We in business are exacerbating this poverty of dignity in the world because we see people as objects for our success. But, for 40 hours or more a week, we have the opportunity to change the world with our leadership."

With Steve Barlament, it all started with simple listening, which was a release valve of pent up frustration and the simplest way we can begin to start honoring the dignity of others. As Thomas Friedman wrote:

"Sometimes it just takes listening to them, but deep listening — not just waiting for them to stop talking.
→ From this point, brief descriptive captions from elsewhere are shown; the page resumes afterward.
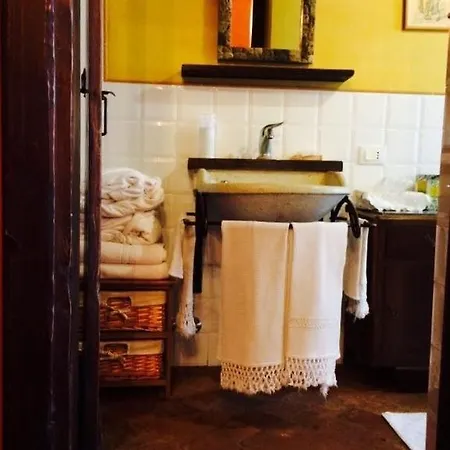 Al Vecchio Fontanile 4*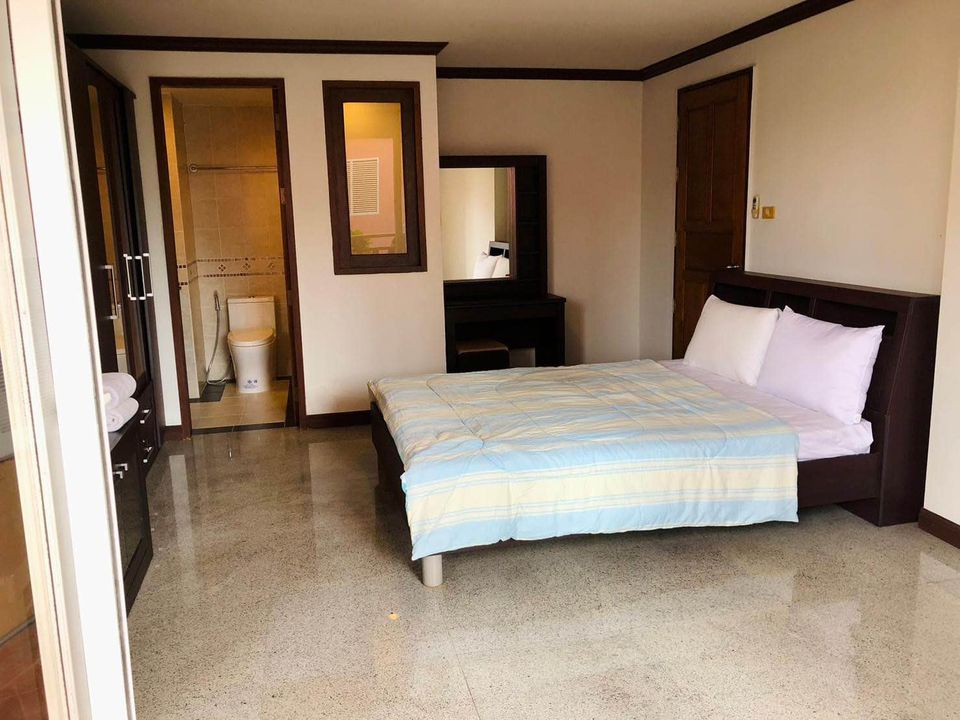 2 Bedrooms, 2 Bath Condo for Sale at Royal Hill Resort & Spa, Thappraya, Pratumnak Hill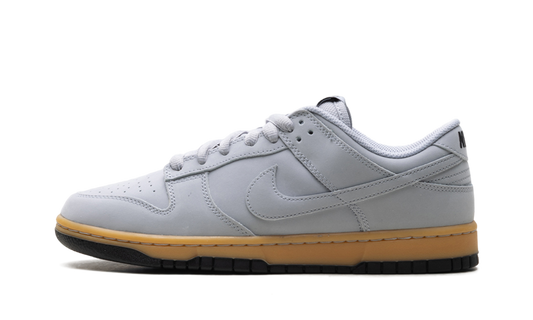 Dunk Low SE  Wolf Grey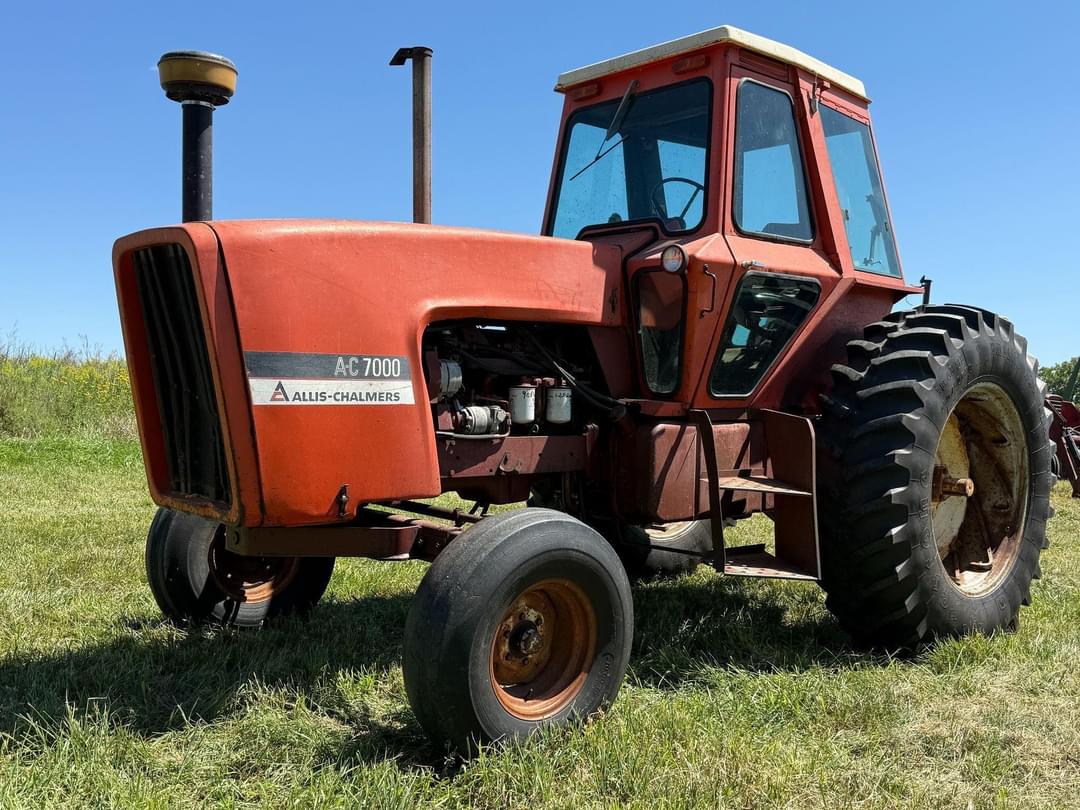 Image of Allis Chalmers 7000 Primary image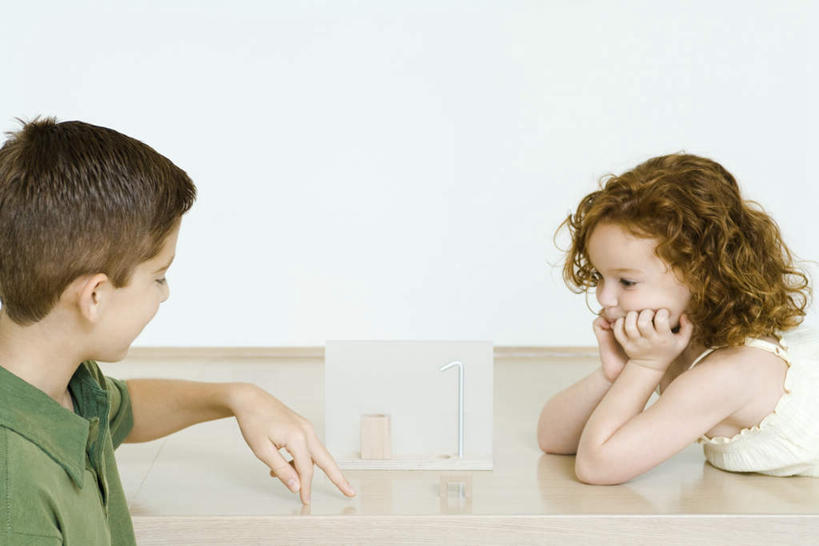 西方人,儿童,两个人,伙伴,朋友,坐,横图,室内,白天,侧面,游戏,友谊,纯洁,桌子,玩具,欧洲,欧洲人,撑,墙,玩,托腮,娱乐,书桌,相视,墙壁,墙面,小孩,白色,托,休闲,面对面,可爱,童年,童趣,益智,活动,对视,发泄,消遣,智力,托下巴,相对,童真,烂漫,无邪,相看,宣泄,天真,友情,男孩,男人,男性,女孩,女人,女性,白种人,玩耍,嬉戏,坐着,半身,彩图,男生,女生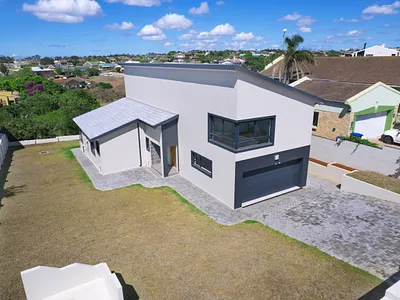 3 Bedroom House For Sale in Jeffreys Bay - JMfm.webp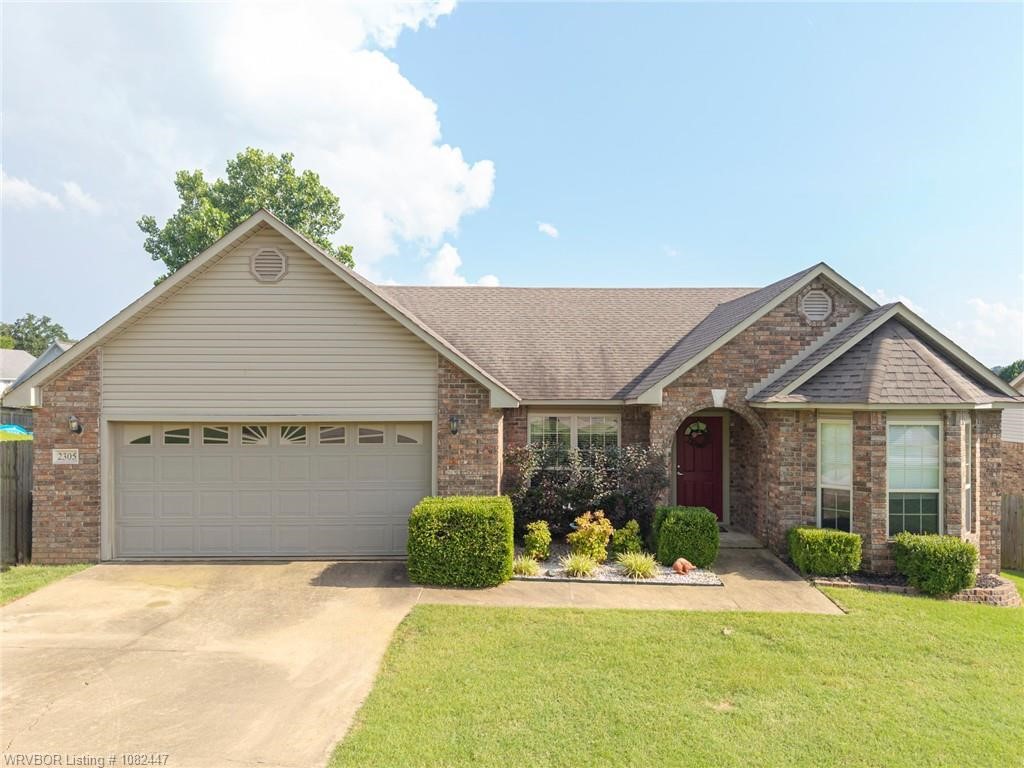 Located in a beautiful area near a park but still only minutes to the interstate, this 3-bedroom, 2-bathroom home has plenty to offer. 1605 HSF. Freshly painted in July 2025, LVP in the Living room & hallways & new carpet in the bedrooms added July 2025. Stainless steel appliances were updated in 2023. The home features a split-bedroom layout and a large eat-in kitchen with a pantry. The spacious master suite includes a walk-in closet, a whirlpool tub, and a walk-in shower. Outside, enjoy the large fenced backyard with newly added sod and a freshly painted covered back deck.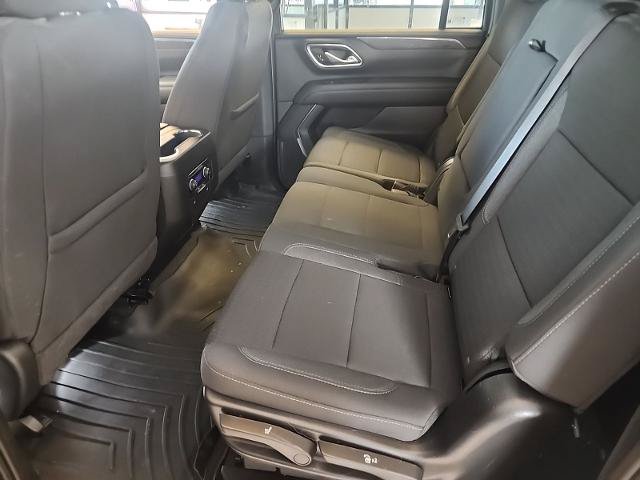 Used 2024 Chevrolet Suburban LS RWD image 6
Because listening is the ultimate sign of respect. What you say when you listen speaks more than any words.

Once Steve was listened to and his expertise was utilized, he felt valued. He felt like he was making a difference. He felt like he was worth something. And when his advice was utilized, things in his workday got better. He wasn’t frustrated. He went home fulfilled and happy. He treated his family differently. This is how we can start to heal our brokenness by ending the hunger for dignity and sending people home as better spouses, parents, children, friends, and neighbors."

It reminds me of a quote by the late Harvard Business School Professor, Clay Christensen:

"The causality of happiness is focusing your energy on helping other people be better people rather than focusing on ourselves. If what you’re trying to do in managing your company is make better people, the products that you make and the profitability you create is a byproduct of making other people better. Then it can create a business organization that’s not like anything that we have seen before.

Isn’t this the kind of company you would want your precious child to work for? Isn’t this the kind of company you would like to work for? Wouldn’t this create true happiness and engagement in the workforce?"

This is how business can be a powerful force for good, by caring enough about their people that they restore, honor and protect the sense of dignity that is a basic human need.

Leaders, it’s time to start feeding the hungry instead of starving them when they are within our span of care.